Talking about the rationale for the alliance, the New York governor's office said that AI computing resources are increasingly concentrated in the hands of big tech companies, who have huge control over the AI development ecosystem. As a result, researchers, nonprofits, and small companies have been left behind, with huge implications for AI safety and society as a whole.
Academia and industry are also actively collaborating, which is already common in United States tech hubs such as Silicon Valley, Seattle and Austin. Dan · Grossman, associate dean of the University of Washington's School of Computer Science and Engineering, said they have programs that allow academic researchers to work in industry as well.

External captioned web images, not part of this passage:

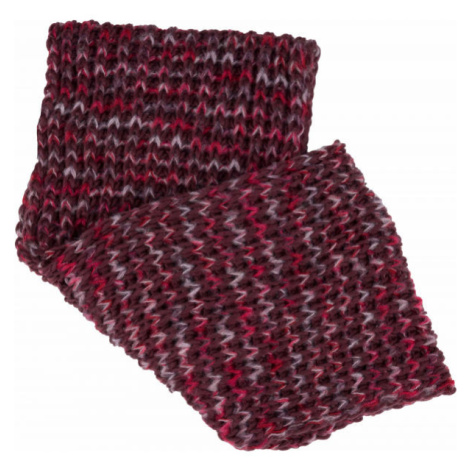 Willard JENY Dámská pletená šála, vínová, velikost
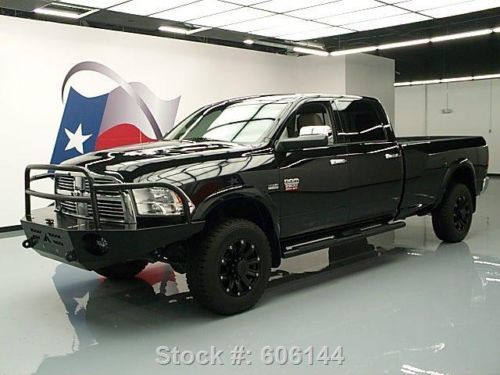 2011 dodge ram 2500 4x4 laramie crew hemi sunroof nav!! texas direct auto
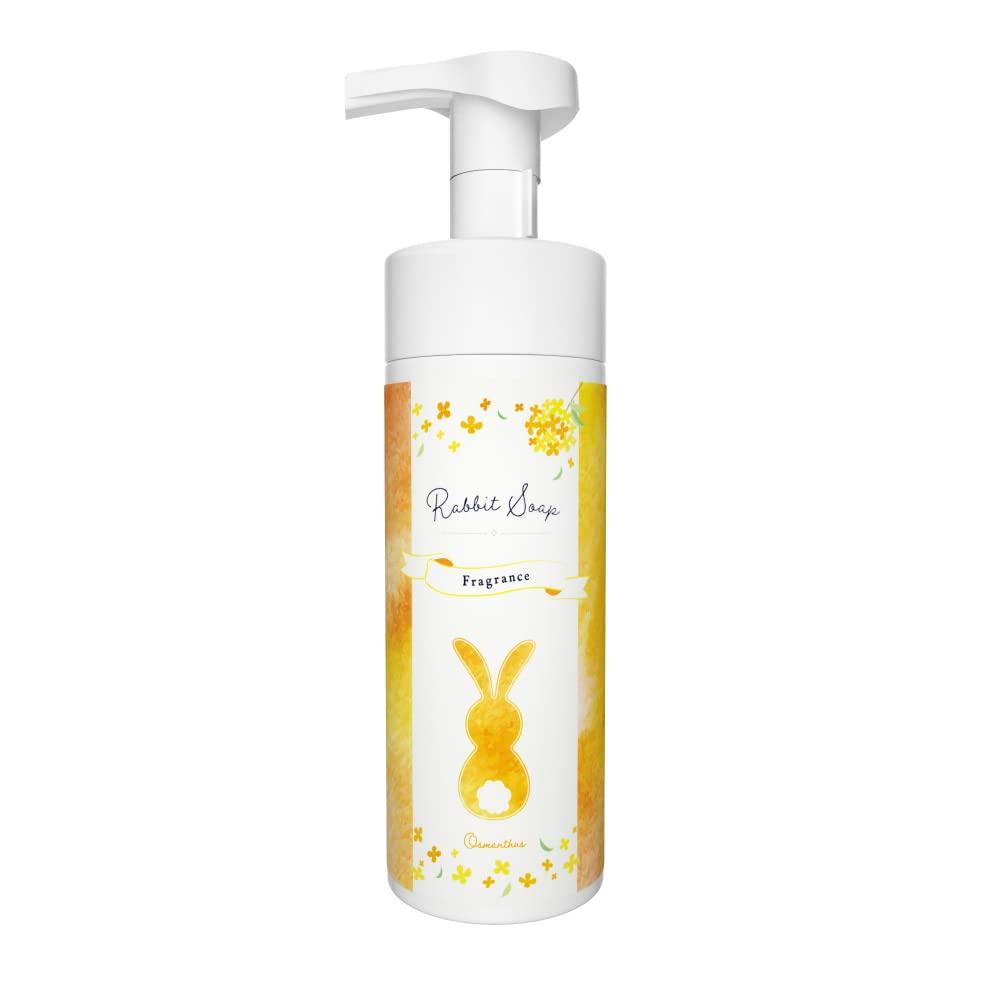 

Rabbit Soap for Delicate Areas and Lily of the Valley Osmanthus Foaming Beauty and Made in of the Valley Osmanthus Underhair, & Scent, Soap-Free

Academic staff have better access to resources, and universities can retain them.
In fact, there are many important AI research projects that do not require high computing power, such as AI interpretability research, AI planning and reasoning ability research. Under the limitation of computing power, university researchers have begun to do more targeted research to ensure that the academic community is not completely overtaken by the industry.
Kavita Bala, dean ·of the School of Computing and Information Science at Cornell University, said universities could focus less on building and training large language models and more on developing applications based on large language models. Such applications can still be cutting-edge, playing a huge role in unique application areas.
Armando Solar-Lezama, a professor at the Massachusetts Institute of Technology (MIT) who focuses on code development using AI ·· his work, believes that building large models from scratch is simply not feasible in academia. Students and researchers can focus on developing applications or even creating synthetic data that can be used to train large language models.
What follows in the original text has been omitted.